I’m not a writer. I love to read. I love to write. But I am not a writer. I have friends who are amazing writers, and some of them are also amazing bloggers.  They can just see/hear/feel something and WRITE about it.  In a way that is in engaging, humorous, honest, and meaningful.  I tend to ramble.  I have realized that I put short bursts of thoughts down, but struggle with expanding on them without a defined end result.

Great.  Another blogger who can’t write.  Just what the internet needs, right? I know! I couldn’t agree more.  The reason I’m taking this leap is that, while I can’t churn out beautiful, deep, thought provoking prose on cue, I can talk to people about their concerns, issues, thoughts, etc. – what I call their “Crazy.”  I have always been a person my friends know that they can come to for honest, no-nonsense advice.  I have referred to myself as the “Crazy Wrangler” on more than one occasion when friends have come to me with their current Crazy and asked me to help them rein it in…or wrangle it.  I can do this; I love doing this.  I want to do this for you.

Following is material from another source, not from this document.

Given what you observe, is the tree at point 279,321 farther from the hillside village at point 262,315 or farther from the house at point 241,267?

Therefore, this blog, my blog is at the mercy of you.  Yes YOU.  I can’t do this without you.  I need your questions, situations, drama…I need your Crazy.  I want to help you Own Your You.

We’ve all got a little bit of Crazy in us.  Some of us have a lot of Crazy in us.  It’s all ok.  It’s who we are.  It’s your Crazy that makes you YOU.  It’s your Crazy that makes you interesting.  Don’t be afraid of your Crazy.  Own it.  Thrive with it, in spite of it, or because of it…whatever makes sense for you.

Of course, every now and then, we experience a Fleeting Crazy – a situation that normally doesn’t affect us turns us into crazy, obsessive, over-thinking, over-reacting creatures that we don’t even recognize!  This kind of Crazy is ok, too.  It’s normal.  And I’m here to help you acknowledge it and work through it.

I had a bout of Fleeting Crazy recently.  I generally am fairly confident and try to be positive about things…except when I’m not.  I started comparing some of my work to that of some other talented, and more experienced, people.  Their work is amazing.  I was comparing and found myself severely lacking.  I was feeling very mopey and “woe-is-me” for the better part of a day.  I hate feeling that way.  I acknowledged it, but I could not get myself out of it.  I turned to two of my friends and just told them how I was feeling and why I was feeling that way.  I didn’t ask them to fix it, I didn’t ask them to make me feel better, and I certainly didn’t ask them to shower me with false compliments.  I just said this is what I’m feeling, and this is why.  And, being the amazing friends that they are, they knew exactly what to say.  They did not fill my head with flowery words and tell me that I’m the absolute best thing in the world and there is no one better – they were honest.  They told me they understood, they’ve felt that way before, and they gave me their honest feedback on my work (fortunately they do like my work, so that helped!) and it helped.  I felt better.  I am not “fixed,” I will still have moments of doubt, moments of harsh self-criticism, moments where I contemplating throwing in the towel.  But I know that’s my Fleeting Crazy, and I know if I need help getting through it, help is just a call or email away.

Oh, Crazy.  You do make life interesting.